| ENTRIES SUPPLIED |
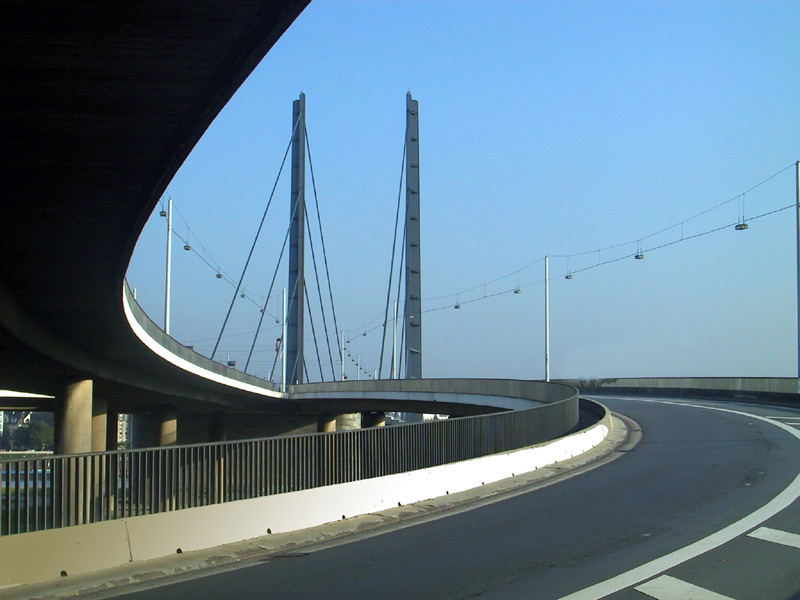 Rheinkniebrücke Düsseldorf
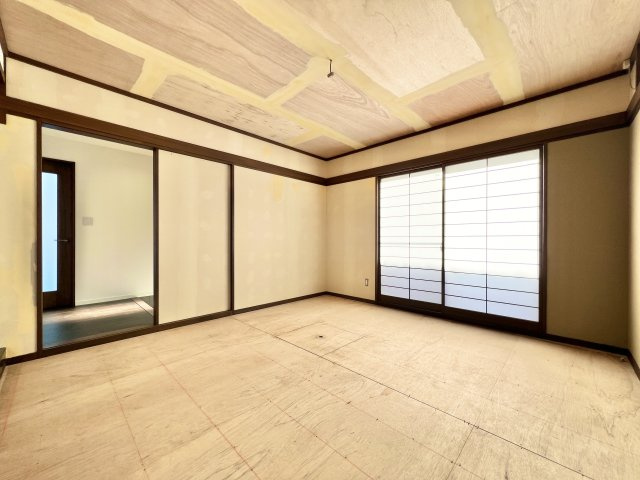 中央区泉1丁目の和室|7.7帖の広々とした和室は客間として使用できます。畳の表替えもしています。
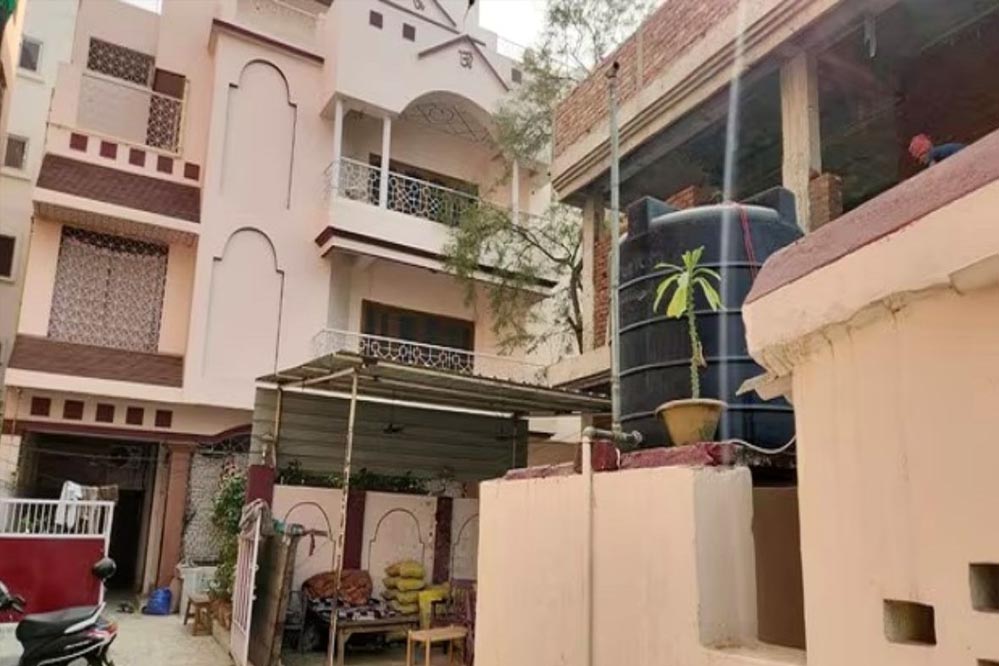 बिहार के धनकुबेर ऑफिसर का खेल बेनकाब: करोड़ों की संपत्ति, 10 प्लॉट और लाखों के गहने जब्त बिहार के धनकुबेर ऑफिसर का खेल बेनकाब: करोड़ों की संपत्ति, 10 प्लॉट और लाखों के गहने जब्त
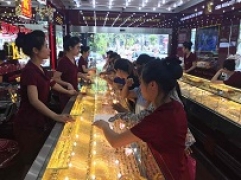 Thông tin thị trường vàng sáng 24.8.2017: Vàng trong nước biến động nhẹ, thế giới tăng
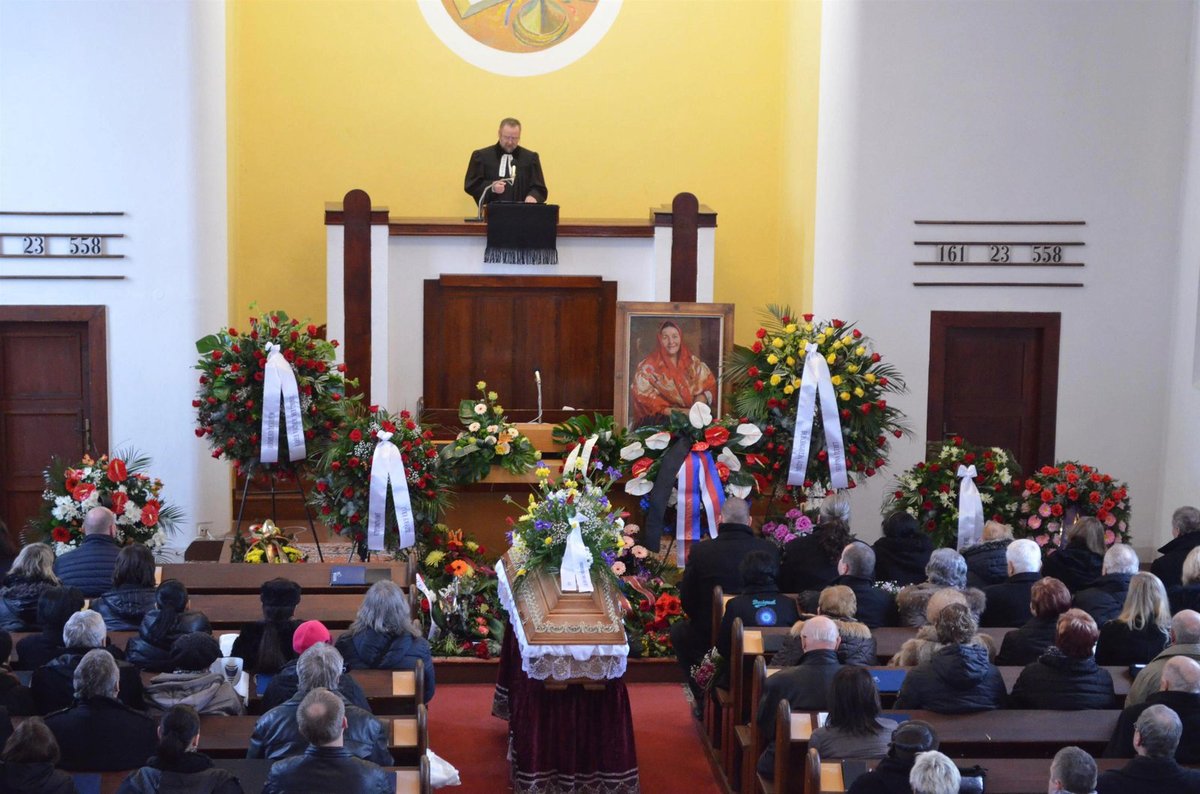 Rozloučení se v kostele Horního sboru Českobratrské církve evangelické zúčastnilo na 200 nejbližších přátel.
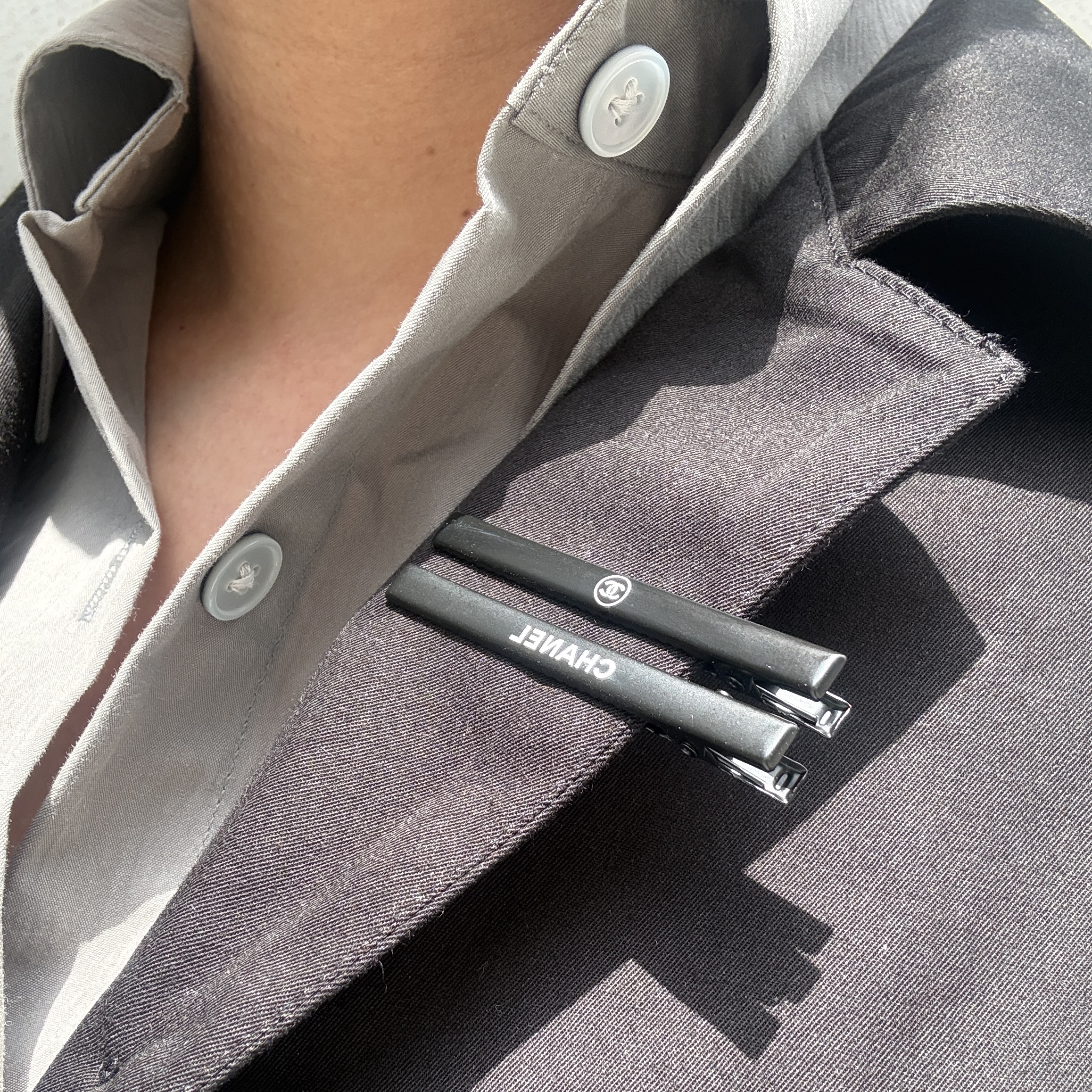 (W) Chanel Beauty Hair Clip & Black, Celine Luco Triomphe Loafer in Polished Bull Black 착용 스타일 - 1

* * *

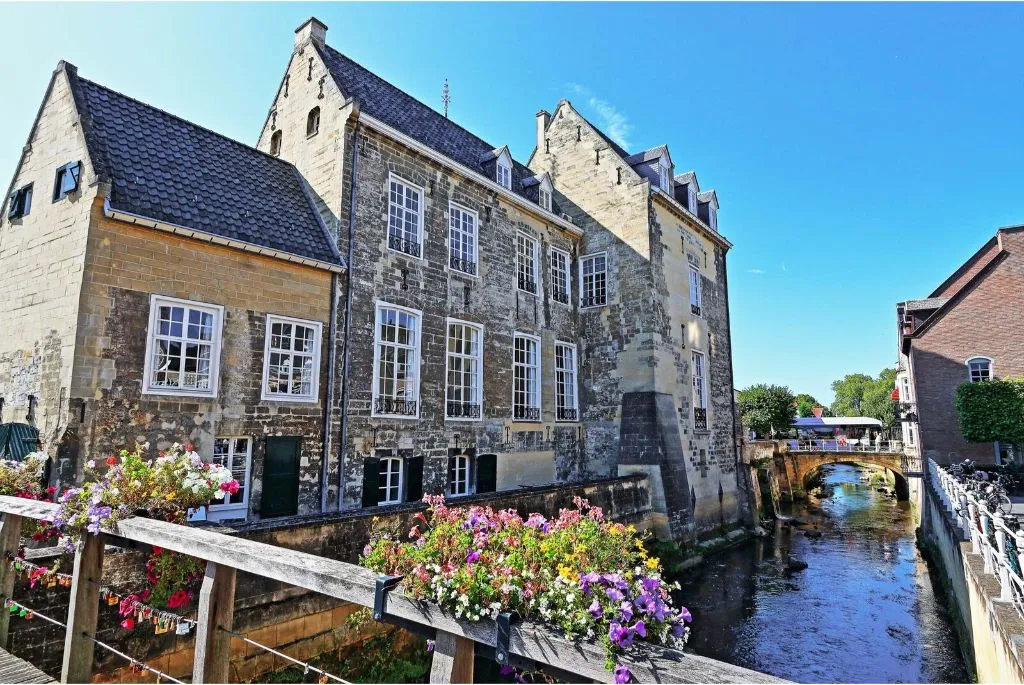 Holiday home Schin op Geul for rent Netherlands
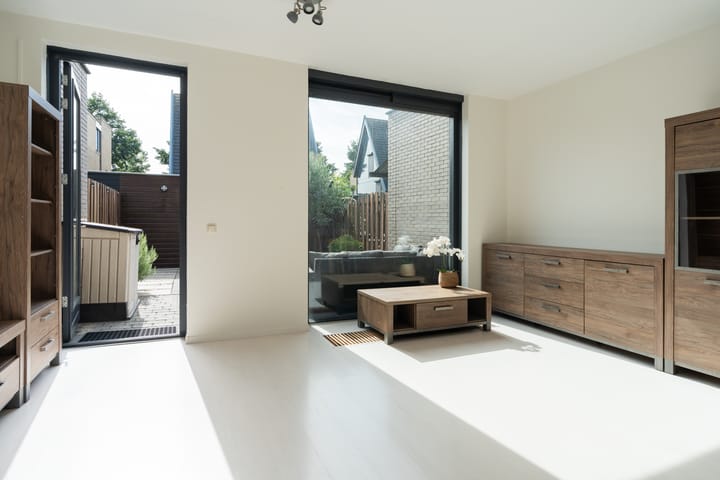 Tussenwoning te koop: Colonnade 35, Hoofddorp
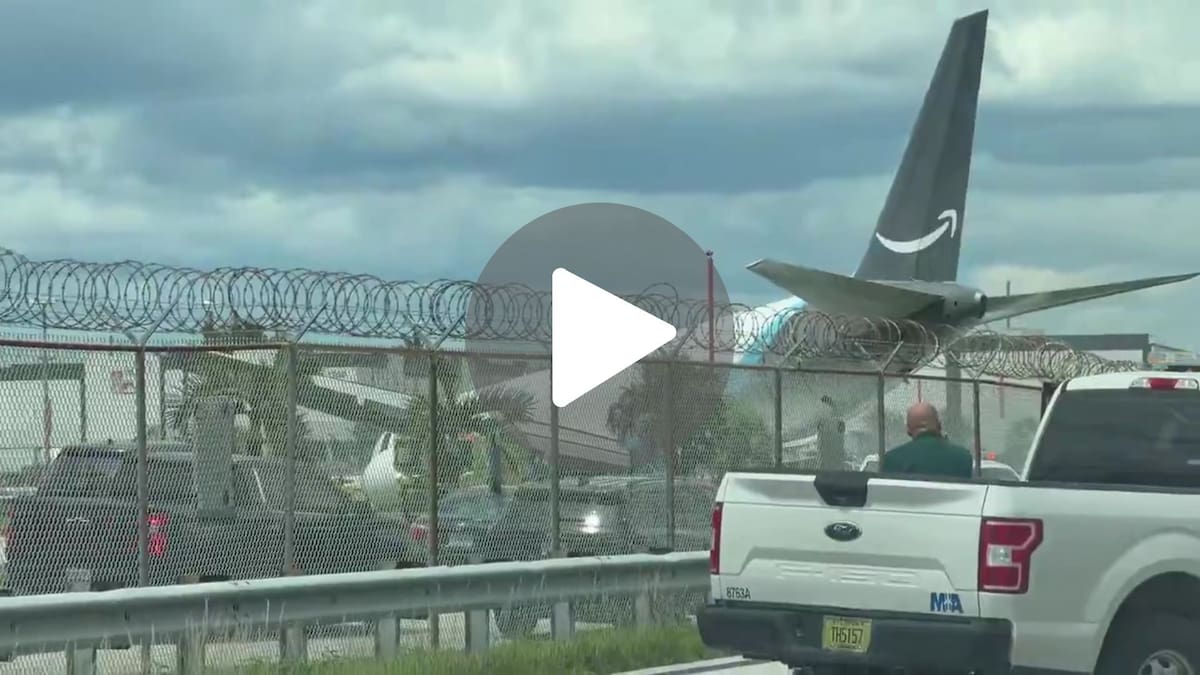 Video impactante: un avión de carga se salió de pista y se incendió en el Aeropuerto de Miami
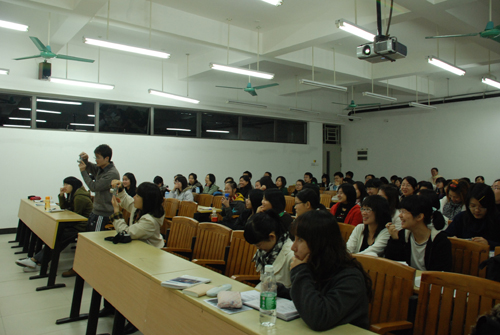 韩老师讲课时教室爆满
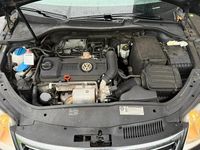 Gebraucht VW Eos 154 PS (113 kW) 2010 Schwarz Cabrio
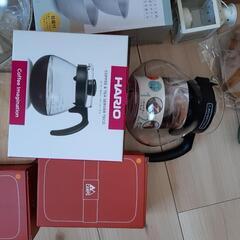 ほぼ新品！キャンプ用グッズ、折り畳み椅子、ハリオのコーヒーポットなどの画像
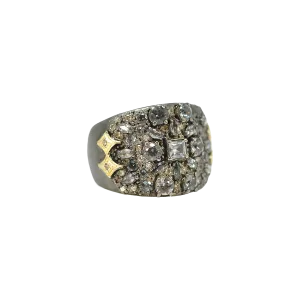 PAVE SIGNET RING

| WORK TASK |
Only the lines above from the one containing "Rheinkniebrücke Düsseldorf" through the one containing "गहने जब्त बिहार" should be returned, verbatim and inclusive, with pictures excluded.

| RESPONSE TO THE TASK |
 Rheinkniebrücke Düsseldorf
 中央区泉1丁目の和室|7.7帖の広々とした和室は客間として使用できます。畳の表替えもしています。
 बिहार के धनकुबेर ऑफिसर का खेल बेनकाब: करोड़ों की संपत्ति, 10 प्लॉट और लाखों के गहने जब्त बिहार के धनकुबेर ऑफिसर का खेल बेनकाब: करोड़ों की संपत्ति, 10 प्लॉट और लाखों के गहने जब्त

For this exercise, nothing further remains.